According to a recent poll conducted by Alex Thorn, head of firmwide research at Mike Novogratz’s Galaxy Digital, institutional investors could not care less about the ongoing Core vs. Knots debate within the Bitcoin community.
Most institutional investors either don’t care, haven’t heard of the debate, or are neutral. Nobody seems to actively support the Knots camp.
Inventing a problem that doesn’t exist
Thorn argues that the “Bitcoin Knots” camp is inventing a problem that doesn’t exist. He calls their concerns “hypothetical.”
At the same time, real capital, service providers, and regulators see no actual issue.

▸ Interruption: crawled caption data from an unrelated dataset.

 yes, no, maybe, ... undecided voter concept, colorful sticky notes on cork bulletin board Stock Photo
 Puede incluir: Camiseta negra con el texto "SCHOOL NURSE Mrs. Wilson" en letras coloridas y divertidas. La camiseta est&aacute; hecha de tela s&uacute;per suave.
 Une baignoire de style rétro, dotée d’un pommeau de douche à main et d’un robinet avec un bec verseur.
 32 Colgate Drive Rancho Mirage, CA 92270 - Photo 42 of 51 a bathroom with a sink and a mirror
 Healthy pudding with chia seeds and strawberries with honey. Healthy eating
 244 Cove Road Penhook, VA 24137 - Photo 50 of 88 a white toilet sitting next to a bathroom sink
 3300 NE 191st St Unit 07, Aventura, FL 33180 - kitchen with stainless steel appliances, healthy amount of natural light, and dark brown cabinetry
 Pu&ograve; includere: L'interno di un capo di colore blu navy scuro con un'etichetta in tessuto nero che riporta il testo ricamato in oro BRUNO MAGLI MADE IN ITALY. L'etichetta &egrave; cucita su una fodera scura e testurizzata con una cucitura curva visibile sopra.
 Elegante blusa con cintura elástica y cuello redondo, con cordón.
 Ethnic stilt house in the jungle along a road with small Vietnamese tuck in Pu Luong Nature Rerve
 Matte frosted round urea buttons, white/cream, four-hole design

The legal concerns these proponents raise are outdated “mumbo jumbo”, according to Thorn. They echo old debates about permissionless systems that Bitcoin already solved.
The Knots advocates are effectively trying to roll back the freedoms of Bitcoin’s decentralized system because they are overly cautious or ideologically statist.
Possible outcomes
Thorn believes that the Knots crowd will most likely fade into irrelevance.
However, he doesn’t rule out that the Knots supporters might end up scaring people about hypothetical problems and creating panic. However, their fork will still fail.
According to Thorn, it’s unlikely that the adoption of Bitcoin will be harmed long-term by the Knots camp.
“These people are scared statists who fear permissionless systems and will do great damage to bitcoin if they are taken seriously,” Thorn said.
Nature of the debate
Some Knots proponents argue for changes to address security, legal, or operational concerns that most of the community sees as theoretical.
Essentially, the debate is less about actual risk and more about philosophical differences over the potential dangers of decentralization and permissionless systems.
Core supporters see Knots as creating artificial problems and unnecessary forks
The Knots project is led by controversial Bitcoin developer Luke Dashir.
He’s very protective of Bitcoin’s “monetary integrity” and is suspicious of non-financial data being embedded on-chain (inscriptions and ordinals).